INFORMATION SHOWN:
---*---

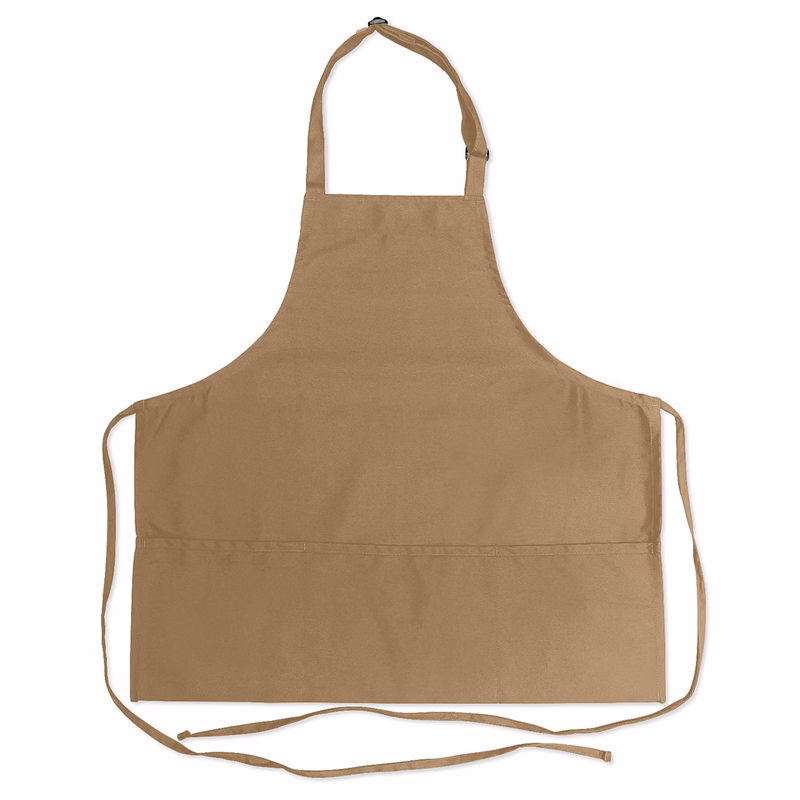 Khaki Three Pocket Adjustable Bib Apron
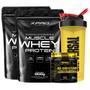 Imagem de Kit 2x Whey Muscle Whey 900g - XPRO + Pré-treino Gladiator 150g -Pretorian + Coqueteleira -Universal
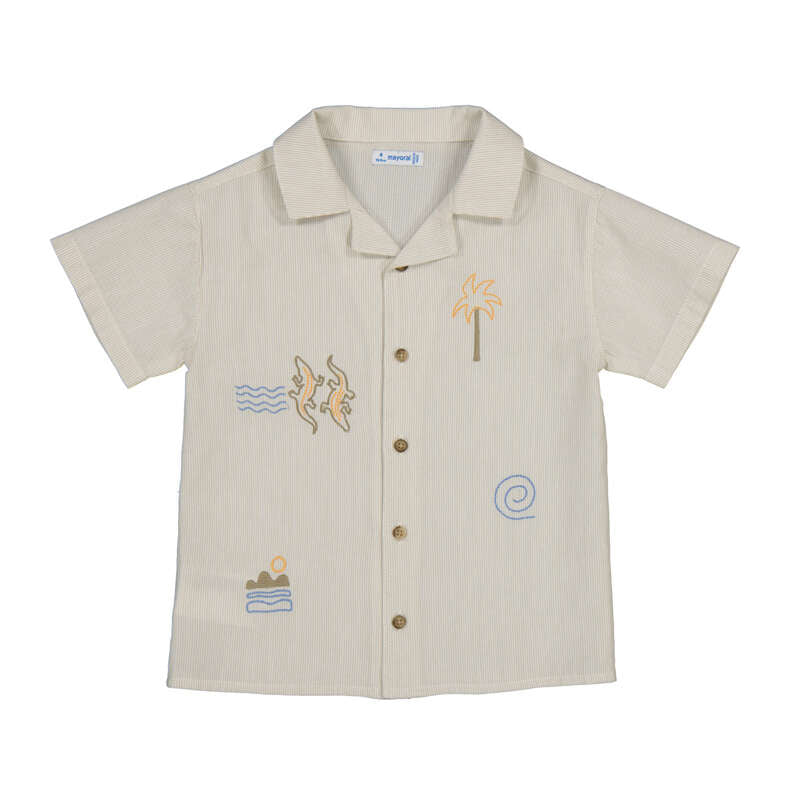 Linen Vacation Embroidered Shirt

---*---

Write out again, word for word, only the lines from the one with "Imagem de Kit" through the last line of the material, and omit each picture.

 Imagem de Kit 2x Whey Muscle Whey 900g - XPRO + Pré-treino Gladiator 150g -Pretorian + Coqueteleira -Universal
 Linen Vacation Embroidered Shirt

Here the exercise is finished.